# Bee Responsible



## Scalper007 (Oct 1, 2018)

Any of you guys concerned by the environmental damage we may be in causing especially to bees and other pollinators?

As much as I love having a pedicured deep green lawn I'm starting to be more aware that some of the products we use may be damaging bee colonies and other pollinators.

Is there a list of products that may allow us to keep a great looking lawn without possibly creating havoc on other species?


----------



## Green (Dec 24, 2017)

Scalper007 said:


> Any of you guys concerned by the environmental damage we may be in causing especially to bees and other pollinators?
> 
> As much as I love having a pedicured deep green lawn I'm starting to be more aware that some of the products we use may be damaging bee colonies and other pollinators.


I say compensate for having a flowerless lawn by planting more flowering plants. Or, if there's an area that you don't mind having clover, do that. I have not been killing most of the clover in my low-input area. Only if it gets so thick that the grass can't be seen.



Scalper007 said:


> Is there a list of products that may allow us to keep a great looking lawn without possibly creating havoc on other species?


For Grub prevention, Chorantraniliprole or "GrubGone" won't harm bees. And for gypsy moth or tent caterpillars, Thuricide. Try to stay with natural products for mosquito/tick control (there's a thread mentioning some products in the pest forum right now).


----------



## pennstater2005 (Jul 17, 2017)

@Scalper007 Moved this into the general discussion forum for more eyes on it :thumbup:


----------



## dfw_pilot (Jan 28, 2017)

I switched to GrubEx because of this. Better AI and doesn't hurt the bee population.


----------



## BadDad (Mar 13, 2019)

Use products that don't hurt bees or don't spray the products on flower producers.

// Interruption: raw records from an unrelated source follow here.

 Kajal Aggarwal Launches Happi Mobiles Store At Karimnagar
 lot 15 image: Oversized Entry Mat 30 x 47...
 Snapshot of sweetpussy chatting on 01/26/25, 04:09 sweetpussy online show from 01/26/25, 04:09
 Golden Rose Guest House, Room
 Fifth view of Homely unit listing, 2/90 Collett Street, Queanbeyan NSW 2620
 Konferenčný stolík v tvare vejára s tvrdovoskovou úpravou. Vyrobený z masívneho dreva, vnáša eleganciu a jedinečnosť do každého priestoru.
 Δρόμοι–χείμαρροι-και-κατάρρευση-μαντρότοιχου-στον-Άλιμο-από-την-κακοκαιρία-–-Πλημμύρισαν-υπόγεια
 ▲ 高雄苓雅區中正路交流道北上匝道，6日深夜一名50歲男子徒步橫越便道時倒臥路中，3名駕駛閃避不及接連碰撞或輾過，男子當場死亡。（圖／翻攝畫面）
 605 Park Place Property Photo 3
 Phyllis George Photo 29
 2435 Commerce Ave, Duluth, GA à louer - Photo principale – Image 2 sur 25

I don't spray my trees, bushes and flowers for this reason... my lawn tho is a ww1 chem zone. I have bees covering my bushes and trees, we have bushes we call bee lollypops because they are covered with bees all season.


----------



## daniel3507 (Jul 31, 2018)

I don't worry so much about it on the lawn. I do try to keep the flower beds pollinator friendly. Plants that are native to the state and that attract pollinators. I don't use any chemicals on flower beds


----------